# Strange Symbols House, Leicestershire, Jul13



## The Wombat (Aug 13, 2013)

*Here’s a spot of Rurex I did last month. Had a look around this interesting old cottage in the woods. Getting to it was like day of the triffids, but a rewarding solo explore. Difficult to say how long its been derelict, perhaps 10 years or more. Judging by the mattress on the floor, someone broke in, and had been sleeping rough there... the assortment of left over food tins had long exceeded their expiry date, and a newspaper was dated 2008. Not sure what the symbols are all about on the chimney breast, but I don’t think its anything too sinister. A few bits and bobs left here, so an interesting mooch.

There were a couple of out-buildings in the jungle which were inaccessible at this time of year.
Explored on my own on a fine summer day. Hope you enjoy.*























The Cherry aid had some interesting growths in it










who thought these colours would ever go together!??











































Thanks for looking!


----------



## Deranged09 (Aug 13, 2013)

Very nice, loads of stuff coming out of leicester atm!


----------



## Stealthstar79 (Aug 13, 2013)

Great find!
Fantastic pics too,
That bathroom is awful! 
Thanks..


----------



## UrbanX (Aug 13, 2013)

Nice one, lovely crisp photos!


----------



## shot_in_the_dark (Aug 13, 2013)

nice little find this, thanks for sharing.


----------



## flyboys90 (Aug 13, 2013)

Interesting site, great photos.


----------



## TeeJF (Aug 14, 2013)

Velly intellesting!


----------



## woodland pixie (Aug 15, 2013)

Great photos thank you!

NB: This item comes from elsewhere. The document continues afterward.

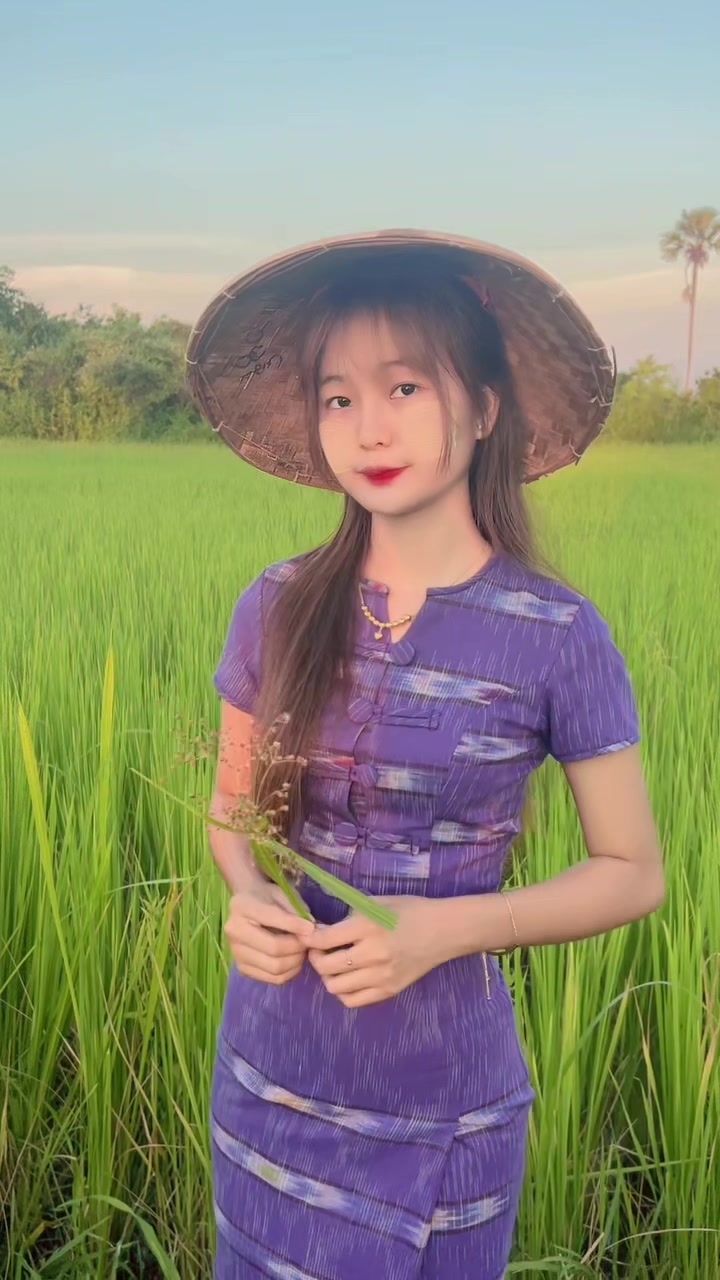 @🎀AYE YU MON🎀(Official)4M🌸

The cherryaid made me chuckle...that shit NEVER goes off does it? Must be reallyreallyreally old


----------



## The Wombat (Aug 15, 2013)

Stealthstar79 said:


> Great find!
> Fantastic pics too,
> That bathroom is awful!
> Thanks..


lol, yes the bathroom is Awful!



UrbanX said:


> Nice one, lovely crisp photos!


Thanks! A few attempts to get it right



woodland pixie said:


> Great photos thank you! The cherryaid made me chuckle...that shit NEVER goes off does it? Must be reallyreallyreally old


Yes that cherryaid looked rather skanky to say the least. There were no flies in the house, so I'm guessing they cleared out any tit bits from the rotting cans years ago

And thanks to everyone else for their comments!


----------



## Sidsdx1988 (Sep 19, 2013)

Good find!


----------



## Dirus_Strictus (Sep 19, 2013)

The Wombat said:


> Yes that cherryaid looked rather skanky to say the least. There were no flies in the house, so I'm guessing they cleared out any tit bits from the rotting cans years ago



The mould / growth on the surface of the liquid in the Cherryade bottle most likely originates from bacteria, introduced via the saliva from mouth of the person or persons drinking the stuff. As has been mentioned by Woodland Pixie, this drink only seems to go off when something 'nasty' gets introduced into the bottle. Depending on ambient temperatures and the bacteria introduced into the bottle, this bottle may not be as old as it appears to be.

Your photo of the gas cans on the shelf could offer clues as to when this place was last used for any length of time by anybody - e.g. squatters etc.. Butane or propane cylinders of this type will fit a small modern portable gas ring, that also doubles as a grill - besides being used to fill lighters and power soldering torches. A look at the production dates on the cans will give any future visitors a good clue as to the date they were being used in the cottage.

I am always interested in what a building gave the occupants - not just the roof over their heads, but heating.lighting and warm water etc. Your beautifully sharp and detailed pictures very nearly answer all my questions - either by design on your part or just chance. e.g. by including part of the open cupboard in the photo of the fireplace, one can clearly see the pipework to the back boiler that provided the hot water and central heating? I do not see any light switches or drops in your photos and the possible presence of at least one (and possibly another over the gas cylinder shelf) gas light fitting (using the same propane cylinder/s that supplied to cooker) makes me wonder about an electricity supply (it is quite possible to have a small central heating circuit using only convection/gravity - not very efficient but the radiator here looks like it was plumbed directly into the back boiler on the other face of the central wall that contains the chimney flues.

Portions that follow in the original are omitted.